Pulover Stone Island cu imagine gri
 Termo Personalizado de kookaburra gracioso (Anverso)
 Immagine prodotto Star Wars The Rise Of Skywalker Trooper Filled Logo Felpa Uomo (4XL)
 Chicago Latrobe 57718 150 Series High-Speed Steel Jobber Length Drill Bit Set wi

================

— Your objective —
An exact restatement of the lines from the one with "Immagine prodotto Star" through the last line of the data is the only acceptable answer.

— Problem solution —
 Immagine prodotto Star Wars The Rise Of Skywalker Trooper Filled Logo Felpa Uomo (4XL)
 Chicago Latrobe 57718 150 Series High-Speed Steel Jobber Length Drill Bit Set wi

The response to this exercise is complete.